Data supplied:

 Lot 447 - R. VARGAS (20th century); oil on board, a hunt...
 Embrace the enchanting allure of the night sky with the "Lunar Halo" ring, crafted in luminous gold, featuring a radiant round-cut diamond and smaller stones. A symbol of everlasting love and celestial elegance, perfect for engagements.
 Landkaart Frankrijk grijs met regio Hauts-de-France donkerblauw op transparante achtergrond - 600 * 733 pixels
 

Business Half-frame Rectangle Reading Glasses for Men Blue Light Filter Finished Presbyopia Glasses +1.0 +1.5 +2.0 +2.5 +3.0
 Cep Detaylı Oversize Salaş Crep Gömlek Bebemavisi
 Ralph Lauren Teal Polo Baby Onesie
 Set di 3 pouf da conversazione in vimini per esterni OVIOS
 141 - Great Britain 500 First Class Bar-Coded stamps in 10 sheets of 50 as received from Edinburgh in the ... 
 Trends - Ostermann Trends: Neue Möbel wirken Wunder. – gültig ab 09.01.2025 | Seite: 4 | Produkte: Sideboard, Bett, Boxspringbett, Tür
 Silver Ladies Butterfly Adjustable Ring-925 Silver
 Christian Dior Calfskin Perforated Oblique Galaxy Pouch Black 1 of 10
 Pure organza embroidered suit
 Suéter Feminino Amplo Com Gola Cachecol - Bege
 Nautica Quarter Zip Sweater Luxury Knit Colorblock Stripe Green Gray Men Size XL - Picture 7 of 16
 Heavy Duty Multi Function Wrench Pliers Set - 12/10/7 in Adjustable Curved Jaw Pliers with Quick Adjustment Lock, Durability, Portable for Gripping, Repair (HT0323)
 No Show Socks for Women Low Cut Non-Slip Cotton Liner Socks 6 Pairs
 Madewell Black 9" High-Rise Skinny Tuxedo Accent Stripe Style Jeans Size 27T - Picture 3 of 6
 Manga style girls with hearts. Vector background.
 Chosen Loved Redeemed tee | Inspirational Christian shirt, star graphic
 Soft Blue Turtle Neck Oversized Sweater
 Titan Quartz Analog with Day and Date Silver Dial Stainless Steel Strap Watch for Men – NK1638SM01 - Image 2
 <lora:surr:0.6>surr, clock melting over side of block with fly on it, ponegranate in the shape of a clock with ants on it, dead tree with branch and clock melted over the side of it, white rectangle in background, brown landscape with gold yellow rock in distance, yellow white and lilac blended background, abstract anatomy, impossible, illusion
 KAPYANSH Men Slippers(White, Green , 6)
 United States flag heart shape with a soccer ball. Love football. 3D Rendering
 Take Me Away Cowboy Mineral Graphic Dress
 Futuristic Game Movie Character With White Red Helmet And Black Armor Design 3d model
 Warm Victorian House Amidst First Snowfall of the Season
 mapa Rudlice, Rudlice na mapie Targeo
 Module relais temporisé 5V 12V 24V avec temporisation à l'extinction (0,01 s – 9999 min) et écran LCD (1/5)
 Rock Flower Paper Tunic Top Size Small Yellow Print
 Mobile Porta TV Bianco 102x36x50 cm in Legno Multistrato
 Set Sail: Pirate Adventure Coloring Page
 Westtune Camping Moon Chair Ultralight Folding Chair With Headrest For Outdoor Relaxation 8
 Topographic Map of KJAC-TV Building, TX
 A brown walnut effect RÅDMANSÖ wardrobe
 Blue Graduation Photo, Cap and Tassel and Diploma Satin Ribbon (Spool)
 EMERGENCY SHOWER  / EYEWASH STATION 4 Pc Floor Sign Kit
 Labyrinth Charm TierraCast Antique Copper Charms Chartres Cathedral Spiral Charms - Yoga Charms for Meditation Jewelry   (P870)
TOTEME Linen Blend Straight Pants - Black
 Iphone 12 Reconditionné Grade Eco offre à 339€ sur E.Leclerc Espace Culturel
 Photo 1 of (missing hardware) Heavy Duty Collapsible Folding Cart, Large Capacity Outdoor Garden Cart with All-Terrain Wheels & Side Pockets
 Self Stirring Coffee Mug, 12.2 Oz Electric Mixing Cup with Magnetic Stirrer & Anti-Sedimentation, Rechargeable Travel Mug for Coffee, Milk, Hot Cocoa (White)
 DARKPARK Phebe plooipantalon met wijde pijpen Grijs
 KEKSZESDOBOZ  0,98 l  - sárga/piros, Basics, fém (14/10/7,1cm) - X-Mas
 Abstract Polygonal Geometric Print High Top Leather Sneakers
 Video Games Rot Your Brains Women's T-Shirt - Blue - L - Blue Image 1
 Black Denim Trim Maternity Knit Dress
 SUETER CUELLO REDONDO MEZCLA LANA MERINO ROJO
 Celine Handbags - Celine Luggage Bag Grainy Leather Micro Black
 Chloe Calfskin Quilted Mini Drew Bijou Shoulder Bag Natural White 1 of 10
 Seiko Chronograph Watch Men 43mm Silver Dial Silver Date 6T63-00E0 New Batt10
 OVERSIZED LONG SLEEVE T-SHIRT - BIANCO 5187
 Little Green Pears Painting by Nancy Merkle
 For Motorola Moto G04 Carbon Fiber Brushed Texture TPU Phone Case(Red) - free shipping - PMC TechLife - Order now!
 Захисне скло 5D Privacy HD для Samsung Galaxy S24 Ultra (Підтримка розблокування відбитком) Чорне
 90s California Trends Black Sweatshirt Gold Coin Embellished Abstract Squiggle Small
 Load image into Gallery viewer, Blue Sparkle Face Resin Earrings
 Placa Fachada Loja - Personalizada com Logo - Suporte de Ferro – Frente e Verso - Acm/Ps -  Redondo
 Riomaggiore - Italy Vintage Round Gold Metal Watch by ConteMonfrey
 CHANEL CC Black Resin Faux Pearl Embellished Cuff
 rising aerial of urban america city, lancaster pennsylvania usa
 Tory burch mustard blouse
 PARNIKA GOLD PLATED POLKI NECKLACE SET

Assignment:
Please set down the entire material above exactly as presented.

Answer section:
 Lot 447 - R. VARGAS (20th century); oil on board, a hunt...
 Embrace the enchanting allure of the night sky with the "Lunar Halo" ring, crafted in luminous gold, featuring a radiant round-cut diamond and smaller stones. A symbol of everlasting love and celestial elegance, perfect for engagements.
 Landkaart Frankrijk grijs met regio Hauts-de-France donkerblauw op transparante achtergrond - 600 * 733 pixels
 

Business Half-frame Rectangle Reading Glasses for Men Blue Light Filter Finished Presbyopia Glasses +1.0 +1.5 +2.0 +2.5 +3.0
 Cep Detaylı Oversize Salaş Crep Gömlek Bebemavisi
 Ralph Lauren Teal Polo Baby Onesie
 Set di 3 pouf da conversazione in vimini per esterni OVIOS
 141 - Great Britain 500 First Class Bar-Coded stamps in 10 sheets of 50 as received from Edinburgh in the ... 
 Trends - Ostermann Trends: Neue Möbel wirken Wunder. – gültig ab 09.01.2025 | Seite: 4 | Produkte: Sideboard, Bett, Boxspringbett, Tür
 Silver Ladies Butterfly Adjustable Ring-925 Silver
 Christian Dior Calfskin Perforated Oblique Galaxy Pouch Black 1 of 10
 Pure organza embroidered suit
 Suéter Feminino Amplo Com Gola Cachecol - Bege
 Nautica Quarter Zip Sweater Luxury Knit Colorblock Stripe Green Gray Men Size XL - Picture 7 of 16
 Heavy Duty Multi Function Wrench Pliers Set - 12/10/7 in Adjustable Curved Jaw Pliers with Quick Adjustment Lock, Durability, Portable for Gripping, Repair (HT0323)
 No Show Socks for Women Low Cut Non-Slip Cotton Liner Socks 6 Pairs
 Madewell Black 9" High-Rise Skinny Tuxedo Accent Stripe Style Jeans Size 27T - Picture 3 of 6
 Manga style girls with hearts. Vector background.
 Chosen Loved Redeemed tee | Inspirational Christian shirt, star graphic
 Soft Blue Turtle Neck Oversized Sweater
 Titan Quartz Analog with Day and Date Silver Dial Stainless Steel Strap Watch for Men – NK1638SM01 - Image 2
 <lora:surr:0.6>surr, clock melting over side of block with fly on it, ponegranate in the shape of a clock with ants on it, dead tree with branch and clock melted over the side of it, white rectangle in background, brown landscape with gold yellow rock in distance, yellow white and lilac blended background, abstract anatomy, impossible, illusion
 KAPYANSH Men Slippers(White, Green , 6)
 United States flag heart shape with a soccer ball. Love football. 3D Rendering
 Take Me Away Cowboy Mineral Graphic Dress
 Futuristic Game Movie Character With White Red Helmet And Black Armor Design 3d model
 Warm Victorian House Amidst First Snowfall of the Season
 mapa Rudlice, Rudlice na mapie Targeo
 Module relais temporisé 5V 12V 24V avec temporisation à l'extinction (0,01 s – 9999 min) et écran LCD (1/5)
 Rock Flower Paper Tunic Top Size Small Yellow Print
 Mobile Porta TV Bianco 102x36x50 cm in Legno Multistrato
 Set Sail: Pirate Adventure Coloring Page
 Westtune Camping Moon Chair Ultralight Folding Chair With Headrest For Outdoor Relaxation 8
 Topographic Map of KJAC-TV Building, TX
 A brown walnut effect RÅDMANSÖ wardrobe
 Blue Graduation Photo, Cap and Tassel and Diploma Satin Ribbon (Spool)
 EMERGENCY SHOWER  / EYEWASH STATION 4 Pc Floor Sign Kit
 Labyrinth Charm TierraCast Antique Copper Charms Chartres Cathedral Spiral Charms - Yoga Charms for Meditation Jewelry   (P870)
TOTEME Linen Blend Straight Pants - Black
 Iphone 12 Reconditionné Grade Eco offre à 339€ sur E.Leclerc Espace Culturel
 Photo 1 of (missing hardware) Heavy Duty Collapsible Folding Cart, Large Capacity Outdoor Garden Cart with All-Terrain Wheels & Side Pockets
 Self Stirring Coffee Mug, 12.2 Oz Electric Mixing Cup with Magnetic Stirrer & Anti-Sedimentation, Rechargeable Travel Mug for Coffee, Milk, Hot Cocoa (White)
 DARKPARK Phebe plooipantalon met wijde pijpen Grijs
 KEKSZESDOBOZ  0,98 l  - sárga/piros, Basics, fém (14/10/7,1cm) - X-Mas
 Abstract Polygonal Geometric Print High Top Leather Sneakers
 Video Games Rot Your Brains Women's T-Shirt - Blue - L - Blue Image 1
 Black Denim Trim Maternity Knit Dress
 SUETER CUELLO REDONDO MEZCLA LANA MERINO ROJO
 Celine Handbags - Celine Luggage Bag Grainy Leather Micro Black
 Chloe Calfskin Quilted Mini Drew Bijou Shoulder Bag Natural White 1 of 10
 Seiko Chronograph Watch Men 43mm Silver Dial Silver Date 6T63-00E0 New Batt10
 OVERSIZED LONG SLEEVE T-SHIRT - BIANCO 5187
 Little Green Pears Painting by Nancy Merkle
 For Motorola Moto G04 Carbon Fiber Brushed Texture TPU Phone Case(Red) - free shipping - PMC TechLife - Order now!
 Захисне скло 5D Privacy HD для Samsung Galaxy S24 Ultra (Підтримка розблокування відбитком) Чорне
 90s California Trends Black Sweatshirt Gold Coin Embellished Abstract Squiggle Small
 Load image into Gallery viewer, Blue Sparkle Face Resin Earrings
 Placa Fachada Loja - Personalizada com Logo - Suporte de Ferro – Frente e Verso - Acm/Ps -  Redondo
 Riomaggiore - Italy Vintage Round Gold Metal Watch by ConteMonfrey
 CHANEL CC Black Resin Faux Pearl Embellished Cuff
 rising aerial of urban america city, lancaster pennsylvania usa
 Tory burch mustard blouse
 PARNIKA GOLD PLATED POLKI NECKLACE SET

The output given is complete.